Many wealthy investors rely on overseas advisers, but losses suffered in the recent financial turmoil have focused minds on the quality of advice received, particularly if it might have understated the risks involved – for example in structured products linked to stock market indices.
Almost all legal systems have a concept of negligence – “delict” – or minimum contractual duties, which would make a financial adviser potentially liable if the quality of his or her advice fell below that to be reasonably expected, causing loss to a client. Your adviser is also very likely to be subject to local financial regulation and supervision that might include compensation schemes. But where these options are not available locally, or have proved unsatisfactory, your only option might be to sue.
So where should I sue?
Do not assume you have to sue in the courts of the country where the adviser is domiciled: there is often a choice, including the courts where you are domiciled or the courts of some other country. Exercising that choice is often known as “forum shopping” – with New York regarded as the world’s “negligence capital” thanks to its reputation for high payouts and lawyers who will work on a contingency basis (taking a percentage of winnings).
In what circumstances do I have a choice of where to sue?
Every court has its own laws about its jurisdiction. An EU regime, which also extends to some non-EU states, provides the circumstances in which courts have jurisdiction, and that often provides a choice. While the general rule is that you can sue where the defendant is domiciled, there might also be the option of proceeding in the place of the relevant branch or agency involved, or where the service was provided.
There is also a European “first come, first served” rule, which means once one party starts proceedings in one of the possible courts, proceedings cannot be brought elsewhere unless and until the first court rejects jurisdiction.
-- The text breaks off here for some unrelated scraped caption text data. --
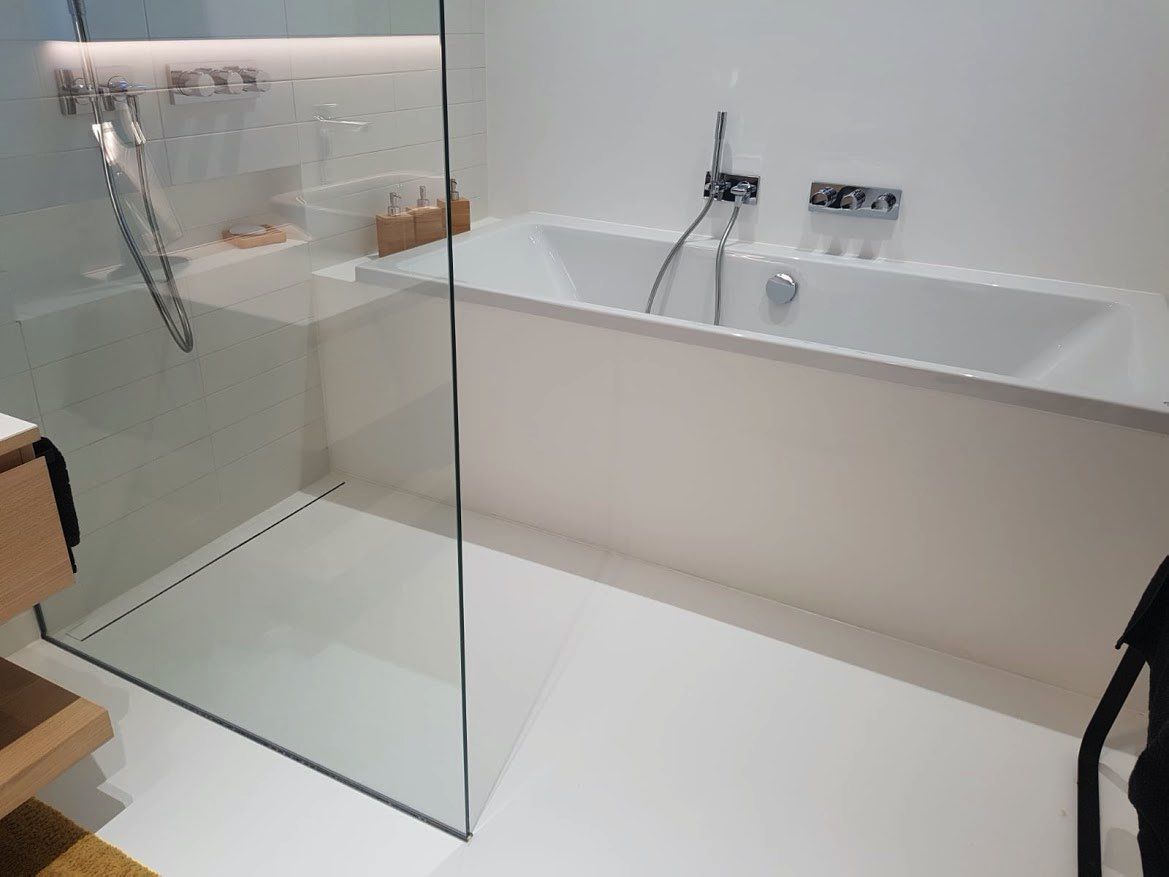 Minimalistická luxusná kúpeľňa s liatou podlahou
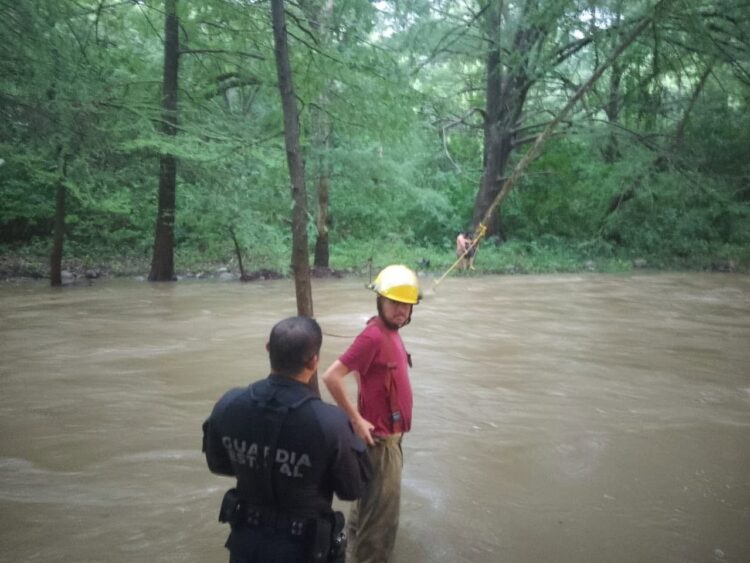 La GE coadyuva en rescate de menor atrapado por la corriente del río Los Troncones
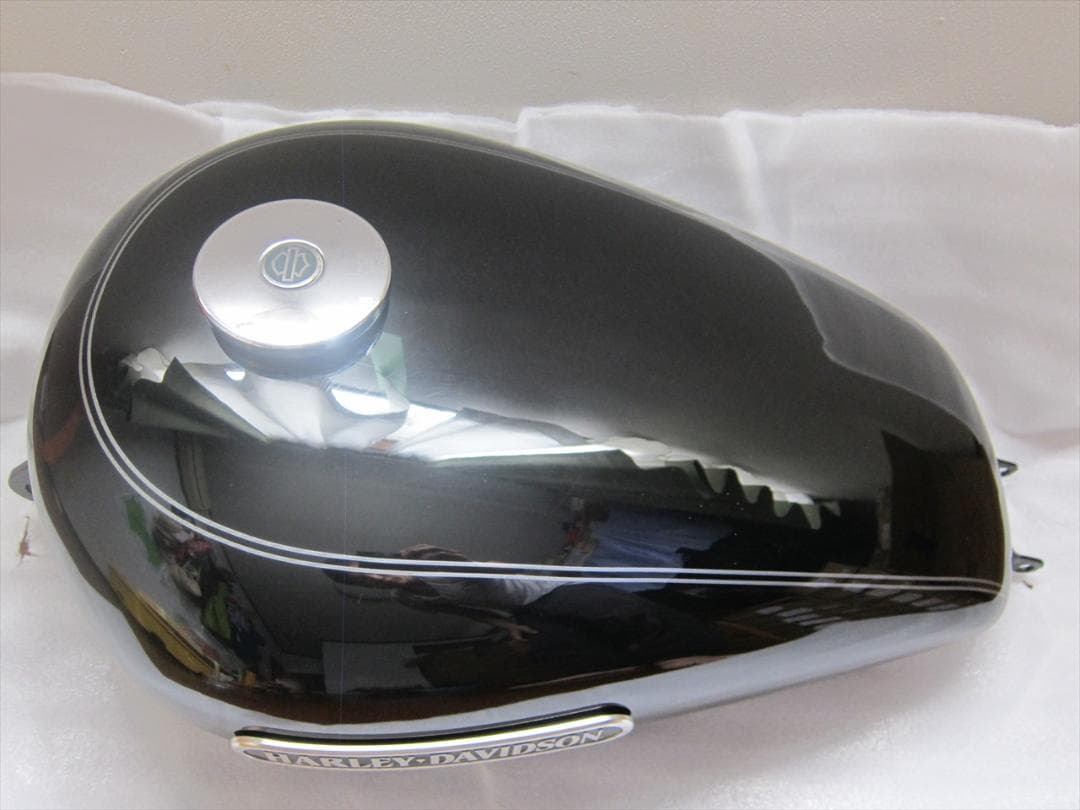 スポーツスター XL1200C純正タンク 黒　スポスタxl883xl1200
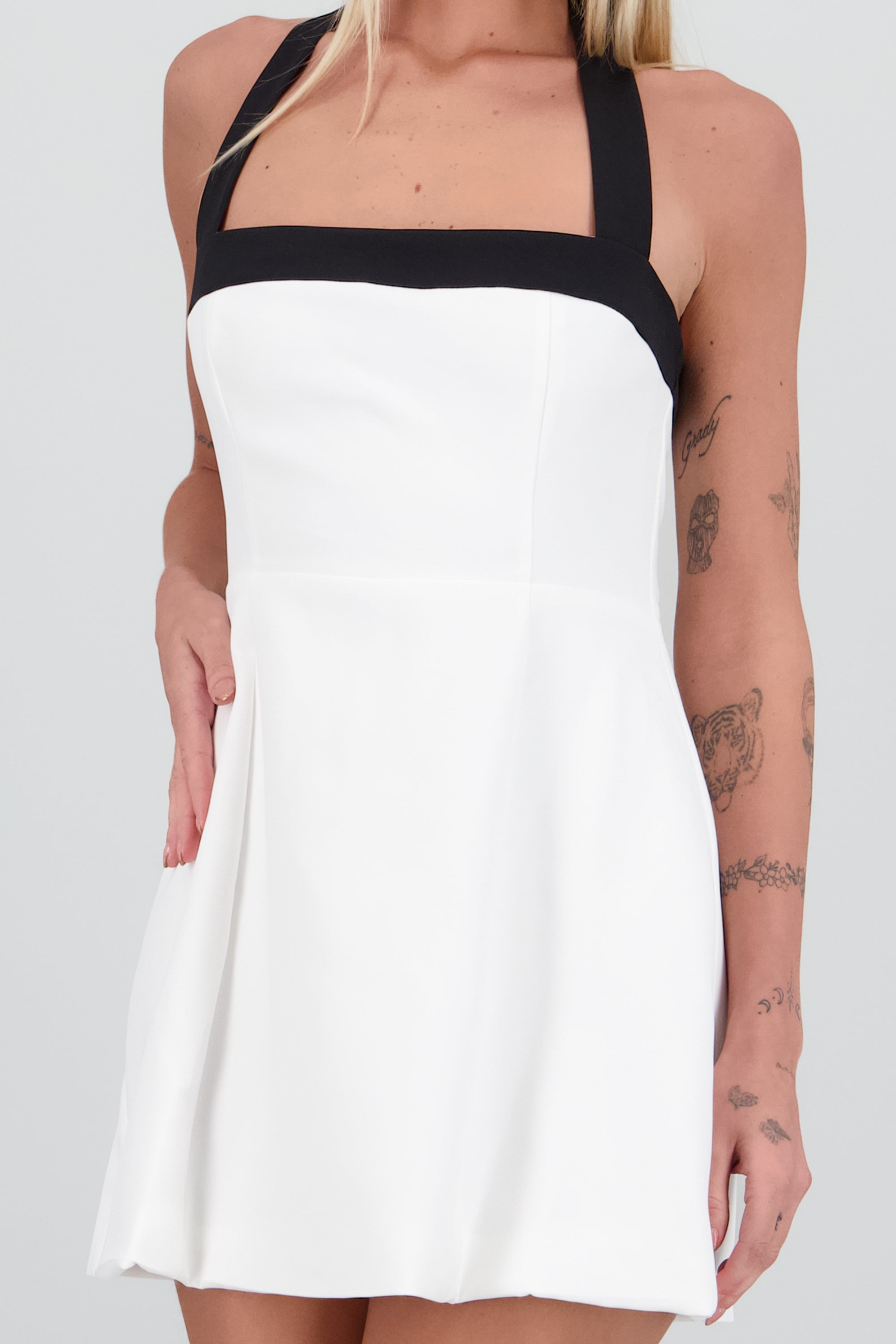 Vestido mini contraste halter BLANCO COMBO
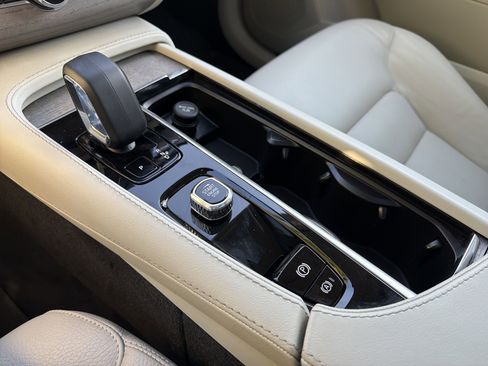 Certified 2023 Volvo XC90 B6 Plus AWD/4WD image 26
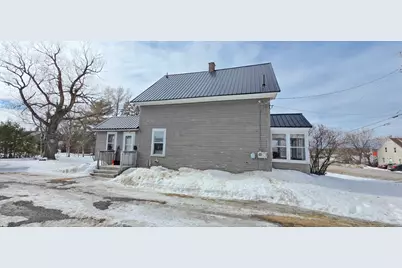 14 Pleasant Street, Presque Isle, ME 04769 - Photo 5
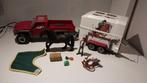 Schleich  auto met trailer 42326, Ophalen of Verzenden, Gebruikt, Paard, Beeldje of Figuurtje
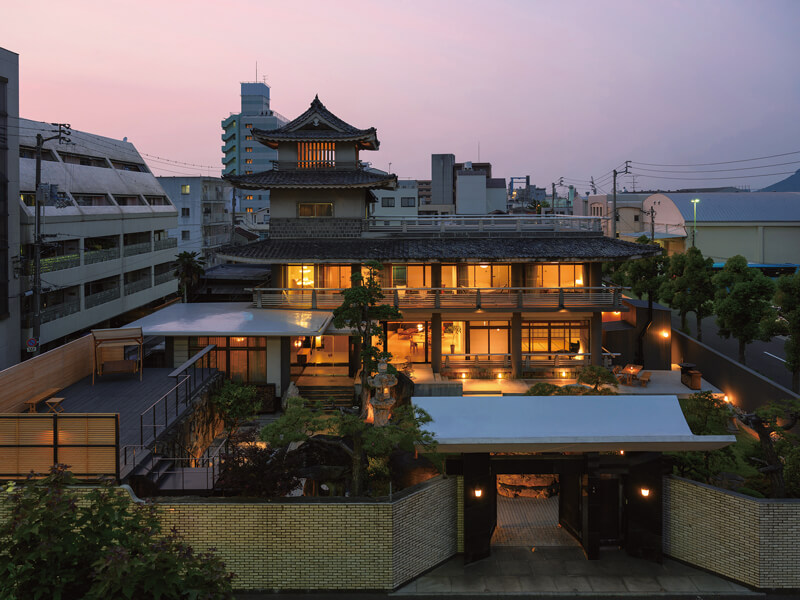 伝統を繋ぐ『穴吹邸』がリニューアル 豊かな休息を叶える“時を休む”宿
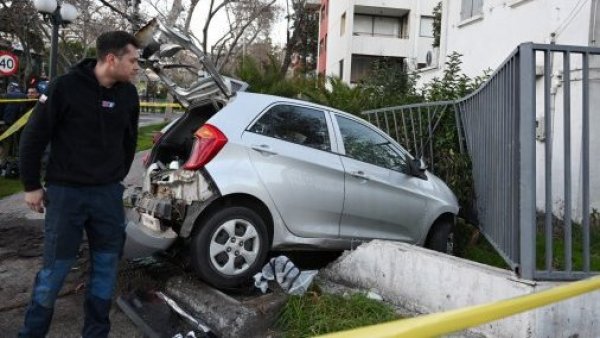Vehículo terminó incrustado en un inmueble tras choque en Providencia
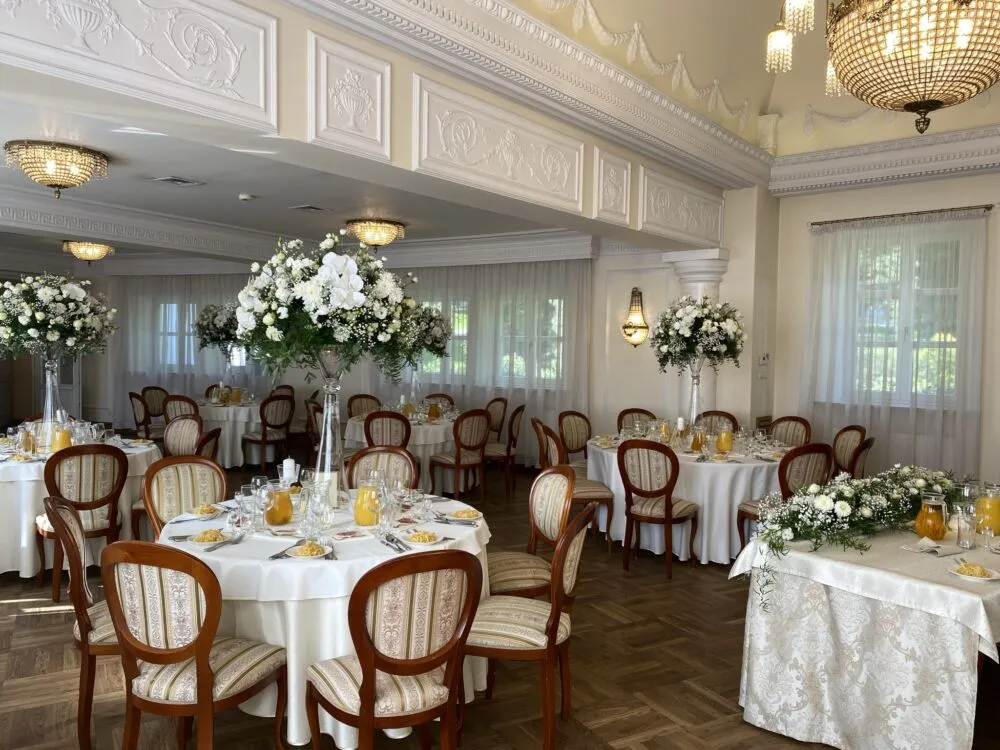 Zdjęcie Pałac w Śmiłowicach: Historia, luksusowy hotel i idealne miejsca na wesele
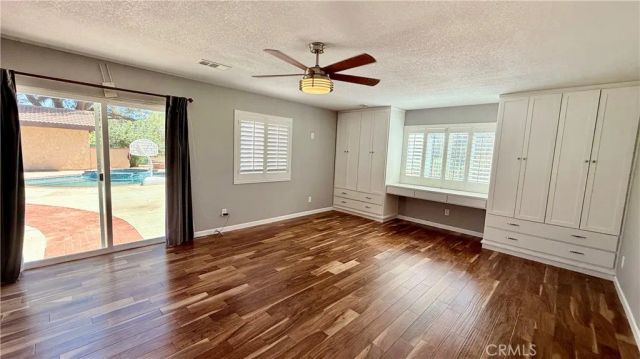 2342 W Avenue North, Palmdale, CA 93551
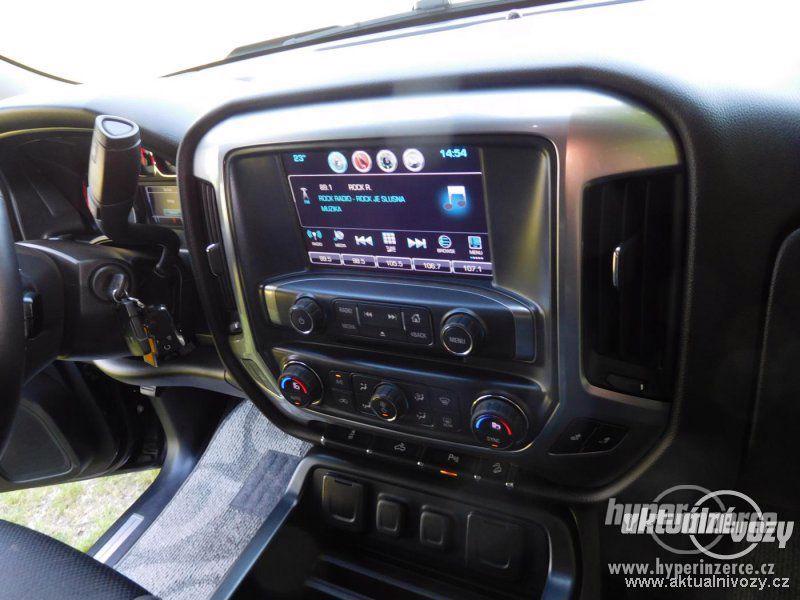 Chevrolet Silverado 5.3, benzín, automat, vyrobeno 2018, navigace - foto 10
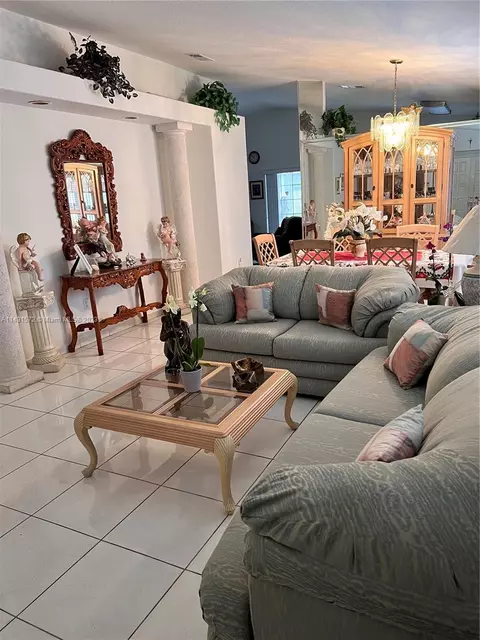 3244 W 77th Pl, Hialeah, FL 33018 photo 3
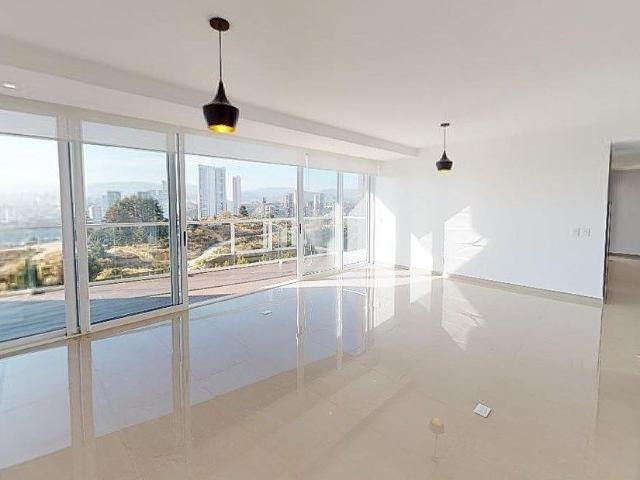 Departamento en renta en Five Bosque Real | 3 recámaras + fam | Terraza |210 m²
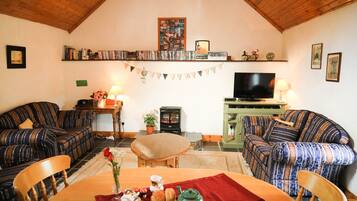 Cottage | Living room | 30-inch TV with digital channels, DVD player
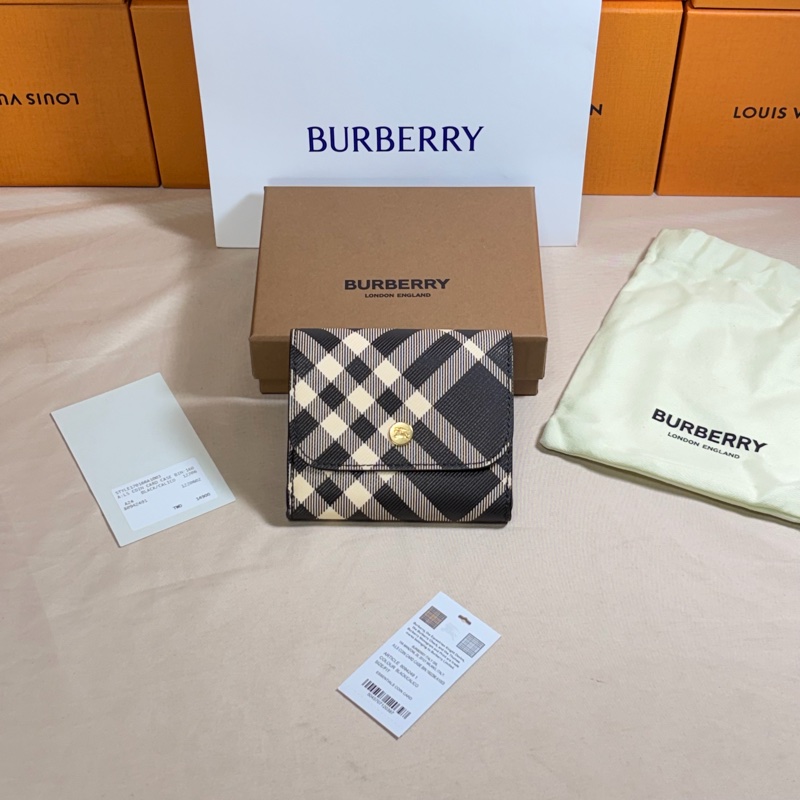 🎁全新盒裝 Burberry 巴寶莉 戰馬金釦 格紋翻蓋卡夾零錢包（原價14900）-3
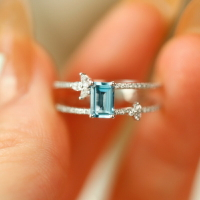 海藍寶戒指女高級感輕奢藍色方形指環簡約設計感手飾2021年新款潮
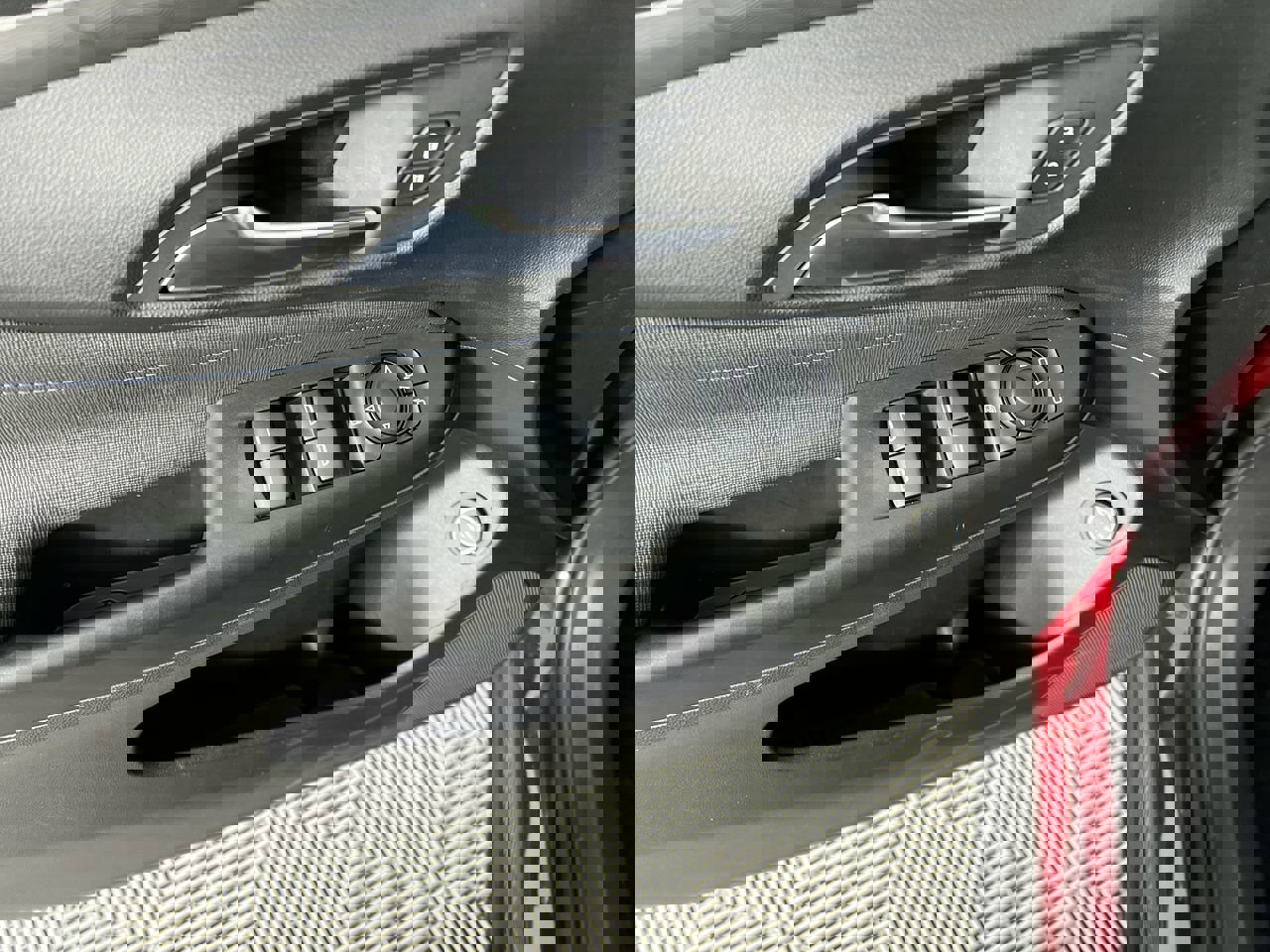 Used 2024 Buick Envista Sport Touring w/ Convenience I Package image 14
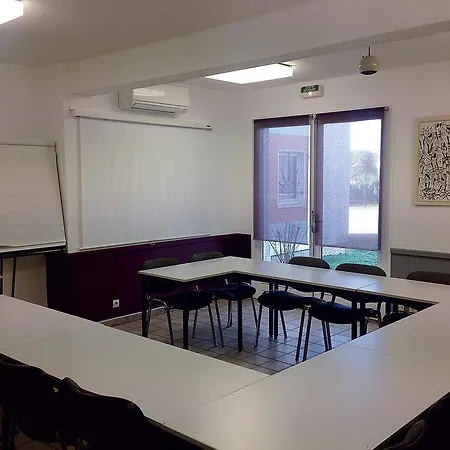 Hotel Contact Le Sud Montpellier Aeroport Parc Expo Arena 2*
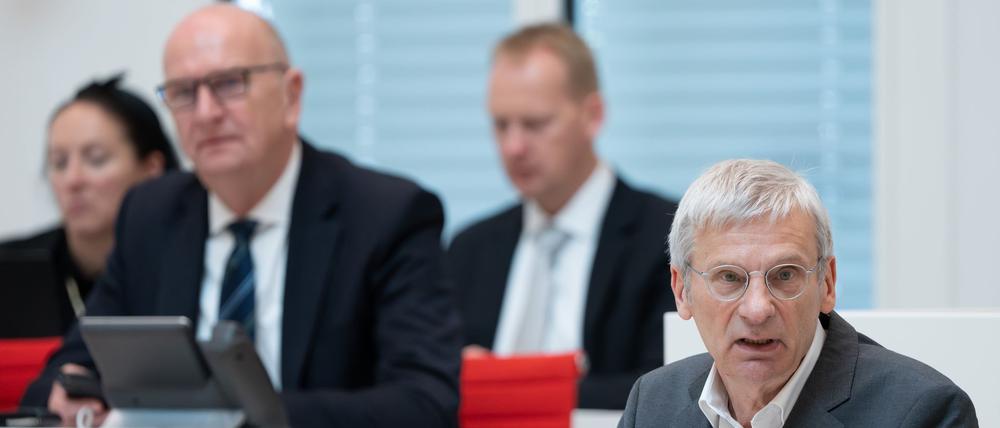 Der Vorsitzende der Brandenburger AfD-Landtagsfraktion, Hans-Christoph Berndt, reagiert auf SPD-Ministerpräsident Dietmar Woidke. (Archivbild)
So, where both parties know they are heading to court, there is an incentive for each to be the first to make the choice.
The contract with the adviser has many small-print terms and conditions. They specify the court that will have jurisdiction in the event of dispute. Does that mean I have no choice?
The courts will generally respect such “jurisdiction agreements”, which prevent you from suing elsewhere, but this might not be binding in your case. There may be technical arguments that the terms and conditions were not incorporated into the contract or that insufficient effort was made to ensure you were aware of them.
Also, “consumers” can often avoid the unfair and onerous effects of terms and conditions. It is generally regarded as unfair for such individuals to have to bring proceedings overseas, and therefore their local court usually has jurisdiction. In Standard Bank London v Apostolakis (2001), for example, the bank tried unsuccessfully to enforce an English jurisdiction agreement against a couple in Greece who had been trading substantial “forward purchases of foreign exchange in precious metal trading”.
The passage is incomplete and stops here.